Survey#

class tangles.convenience.Survey(data: DataFrame)#

Objects of this class represent survey data and provide functions to prepare, clean and subset survey data.

This class manages a pandas dataframe and a data structure containing information about the variables. It makes sure that the information in both of these objects stays synchronized.

Parameters#

datapandas.DataFrame

A dataframe containing the survey data.

Properties

num_questions

Number of questions (or variables)

num_respondents

Number of respondents

shape

The shape of the data

Methods

__getitem__()

Retrieve a data element/slice/subset/

check_variables()

Check if we can conveniently use the information in this survey for a tangle analysis

complete_rows()

Find out which rows are complete

copy()

Create a copy of this Survey

count_number_of_unique_answers()

Count the number of unique answers for selected columns

count_valid_answers_per_respondent()

Count the number of valid answers for each respondent

guess_variable_types()

Guess missing variable types from data

guess_variable_value_lists()

Guess missing variable value lists from data

interpret_column_selection()

Interpret different ways to select a subset of columns (or variables)

load()

Load a Survey from files

replace_variable_value_labels()

Replace variable value labels according to the dictionary mapping

replace_variable_values()

Replace the values found in the selected columns by different values

save()

Save this survey to a folder:

select_questions()

A new survey containing a subset of the columns

select_respondents()

A new survey containing a subset of the rows

set_pyreadstat_meta_data()

Use metadata returned from the python package pyreadstat to set properties of the variables (or questions)

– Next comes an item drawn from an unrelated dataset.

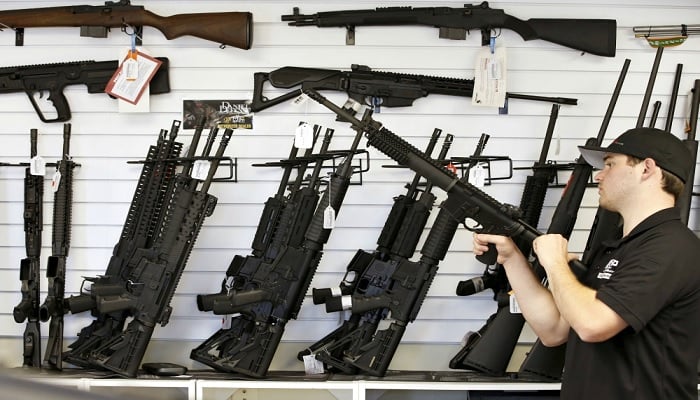 A salesman clears the chamber of an AR-15 in 2016 at a gun store in Provo, Utah. — Reuters/File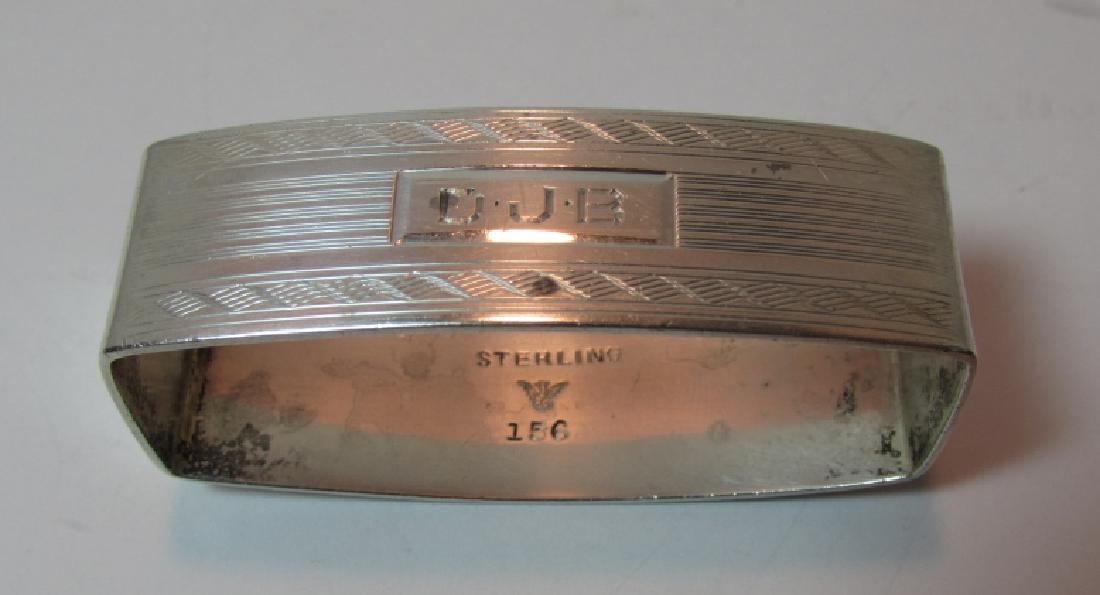 NAPKIN RING STERLING SILVER THE MERRILL SHOPS #156: ANTIQUE HALLMARKED ARTS & CRAFTS ENGRAVED HOLDER. MEASURES 2 1/4 INCH. WEIGHS 24 GRAMS. (USA SHIPPING $8).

set_valid_and_invalid_variable_values()

Set the dictionaries of valid and invalid values (and their labels) for selected variables

set_variable_labels()

Set the labels (which often is the question text) of selected variables

set_variable_names()

Replace the names of selected variables

set_variable_types()

Set the type of the variables specified by column_selection

summarize()

Create a summary of some interesting aspects of this survey

variable_info()

A pandas dataframe containing information about the variables (or questions)